Problem details. Give back exactly the lines from the one that holds "Atticus Finch Reading" through the final line of the data; omit the pictures and add nothing.

Records for the exercise.
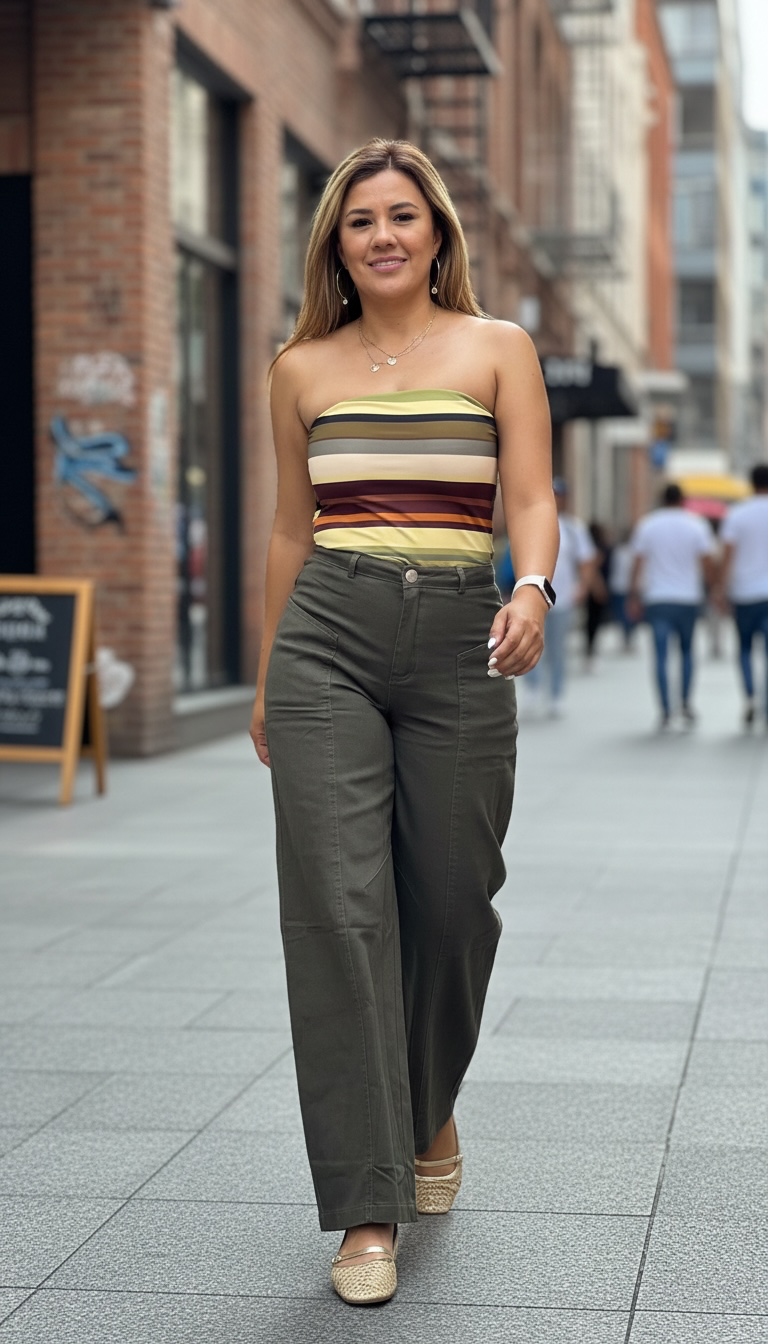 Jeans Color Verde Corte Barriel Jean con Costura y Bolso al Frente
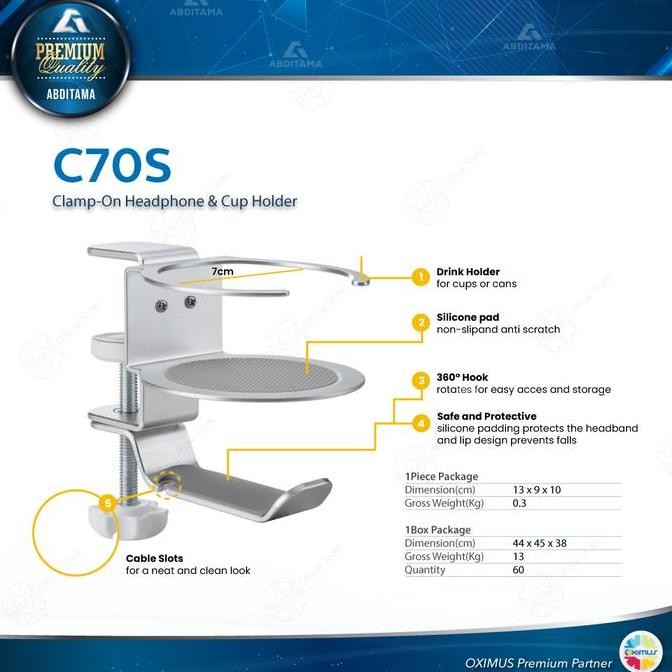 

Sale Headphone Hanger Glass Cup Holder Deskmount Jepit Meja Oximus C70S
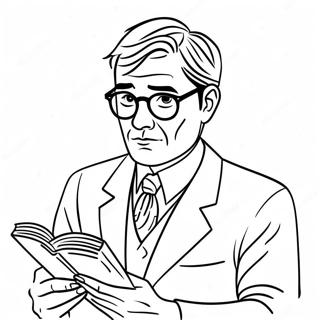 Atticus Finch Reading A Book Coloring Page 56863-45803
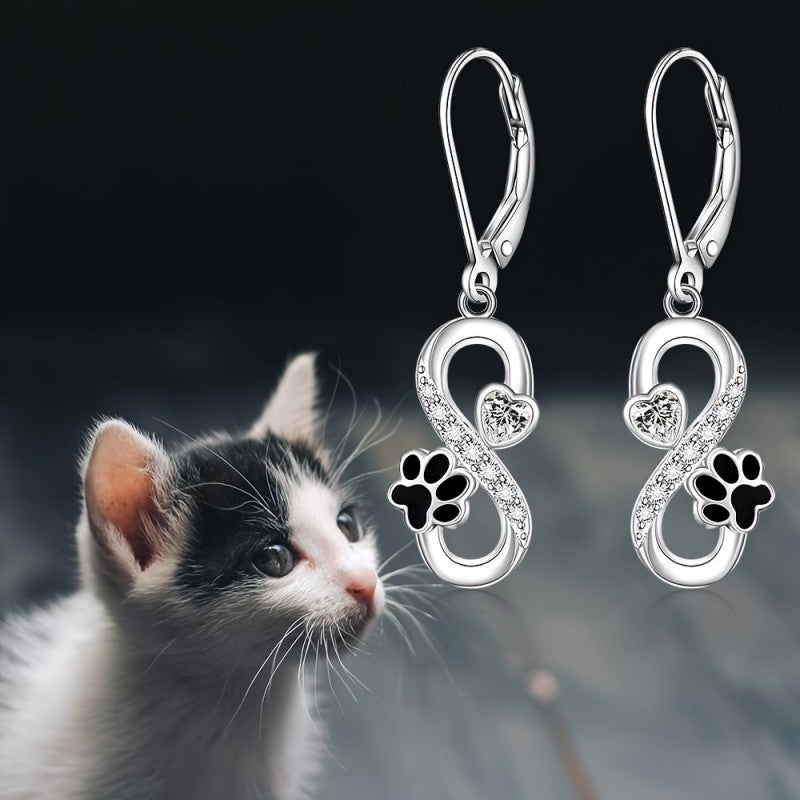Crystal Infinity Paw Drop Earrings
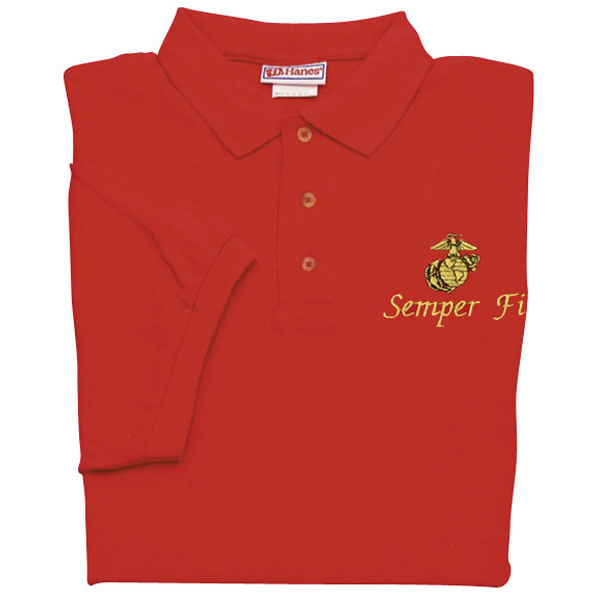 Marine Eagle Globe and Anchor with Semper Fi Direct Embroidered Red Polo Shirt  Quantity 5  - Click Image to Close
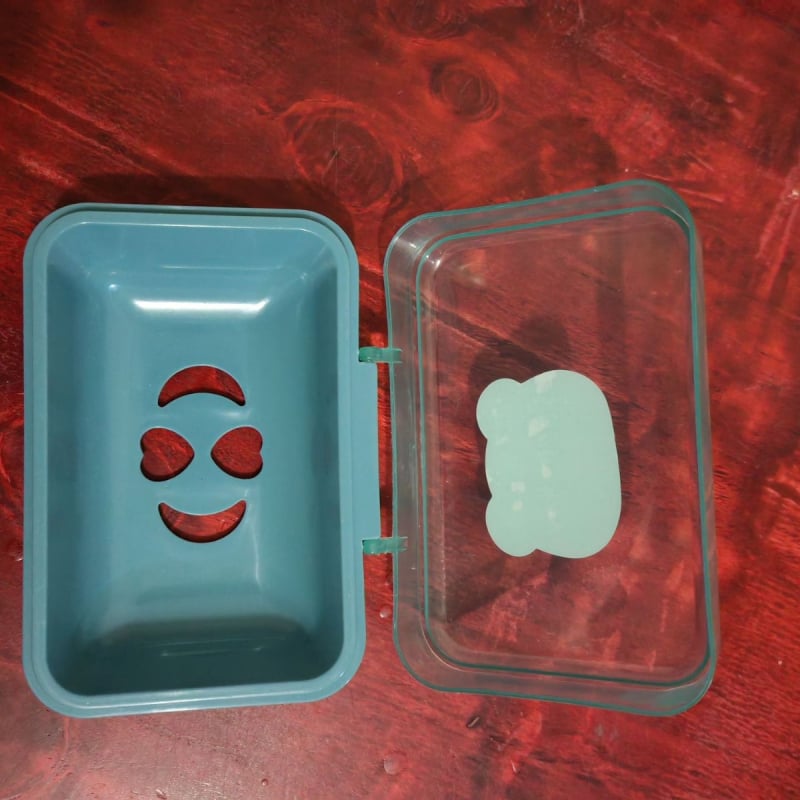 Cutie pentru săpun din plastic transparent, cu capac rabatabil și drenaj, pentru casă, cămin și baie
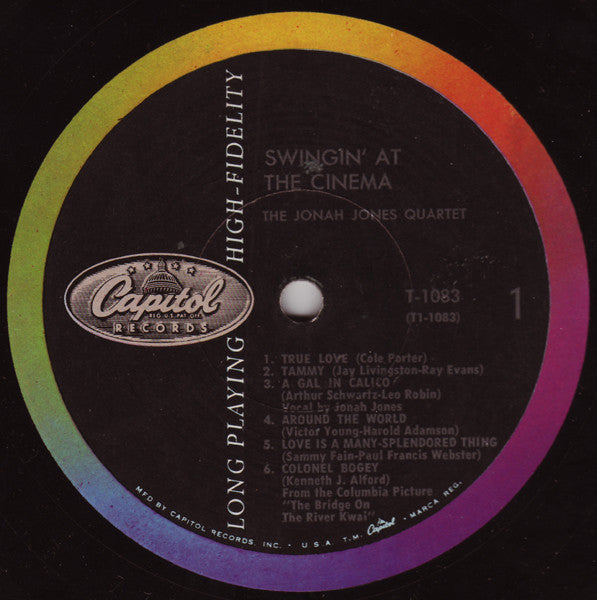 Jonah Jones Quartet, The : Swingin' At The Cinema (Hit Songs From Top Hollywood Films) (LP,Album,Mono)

Result for this task.
 Atticus Finch Reading A Book Coloring Page 56863-45803
Crystal Infinity Paw Drop Earrings
 Marine Eagle Globe and Anchor with Semper Fi Direct Embroidered Red Polo Shirt  Quantity 5  - Click Image to Close
 Cutie pentru săpun din plastic transparent, cu capac rabatabil și drenaj, pentru casă, cămin și baie
 Jonah Jones Quartet, The : Swingin' At The Cinema (Hit Songs From Top Hollywood Films) (LP,Album,Mono)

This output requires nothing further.